Five Fragments, op. 42 (1935)
CD: Shostakovich: The Execution of Stepan Razin, etc., Seattle Symphony, Gerard Schwarz (Naxos 8.557812)
For the past few years I’ve been a little bit familiar with the Five Fragments from this album, not that the work demands much familiarity. But it works well as a companion to the bigger stuff on this album by Gerard Schwarz and the Seattle Symphony (a band I still haven’t heard in concert, despite being only one major city away from me), the classical-ouevre equivalent of a B-side, and the musicians give a good account of it.
The five short pieces, sketches for Shostakovich’s upcoming fourth symphony, make a ten-minute exercise in the general style of Lady Macbeth of Mtsensk, though in their stylistic details they differ somewhat — I imagine Shostakovich was working out a couple of different angles. The first two fragments point most clearly back at the sound worlds of Lady Macbeth and The Nose, particularly the ominous tension of the former’s first act. The central Largo, though, achieves something else than the earlier style: With slow traces of melodic lines and chords hanging in the air as though vaporized, it creates an static, pensive atmosphere that, running for a comparatively long four minutes, anchors the entire set. The piece that follows it continues in something like the same mood, but with less aim and interest.
Some hard-edged solo fiddling in the final Allegretto shows off a jumpy figure that makes its way in some form into the last movement of the fourth symphony — the only material in the fragments so used, I think — as well as an attitude that comes back in biting folk-dance episodes in several of Shostakovich’s string quartets:
Fun enough stuff; my reaction to it is mainly the same joy of recognition I feel towards anything unmistakably in the composer’s style.
Jazz Suite No. 1, sans opus (1934)
CD: “Shostakovich: The Jazz Album”, Royal Concertgebouw Orchestra, Riccardo Chailly (London 433 702 – 2; currently issued on Decca)
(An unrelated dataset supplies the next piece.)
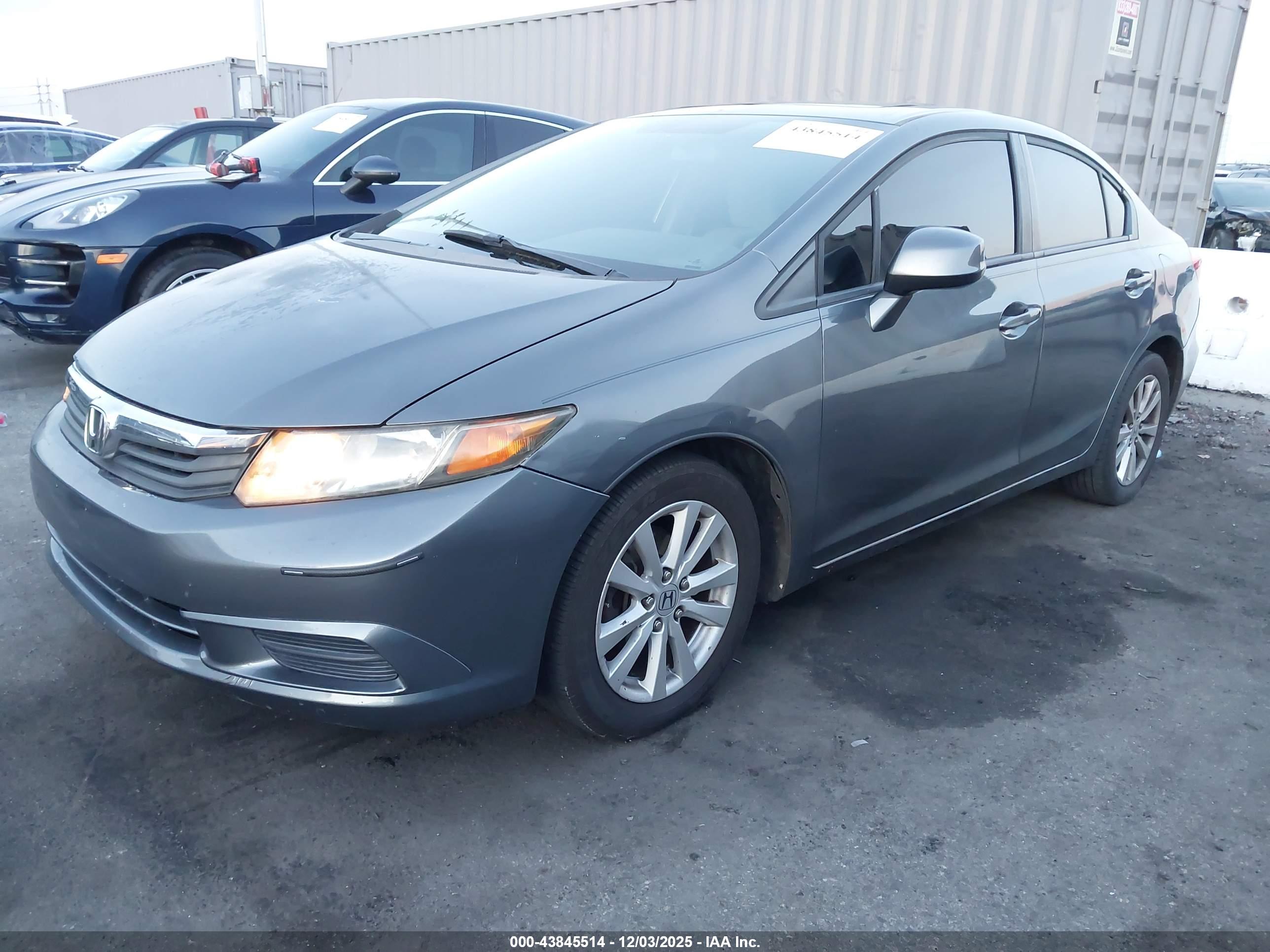 HONDA CIVIC image 2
When I bought Riccardo Chailly’s “Jazz Album” in high school, in the early stages of my Shostakovich fervency — I think I was familiar with the fifth, tenth, and thirteenth symphonies by then, and probably not much else — I had high hopes that the Soviet composer would prove to be a polystylistic master of the symphonic jazz idiom, another Gershwin or Bernstein. The fact that the album’s opener, the first jazz suite, contains a waltz and a polka dashed those hopes somewhat even on examining the CD packaging in the store; Elizabeth Wilson’s note in the booklet essay that “the music hardly corresponds to the accepted understanding of jazz” (which I recall reading before listening to the album, most likely in the car on the way home from Border’s) seemed a pretty frank disappointment of those teenager’s hopes for a Russified Rhapsody in Blue. But it took listening through to the middle of the final piece in the suite, the foxtrot, to grasp just how wacky Shostakovich’s concept of jazz is:
Only for this listening expedition did I finally look up what instrument is squeakily crooning over a sliding trombone — it’s a Hawaiian guitar, which Shostakovich had used once before in his Golden Mountains film score — but I’ve been at least used to the effect for years. On that initial listening it seemed funny, rather cutesy, and generally inexplicable. I imagined then, as I still do now, a lazy hound dog in some cartoon set on the banks of the Mississippi circa 1940.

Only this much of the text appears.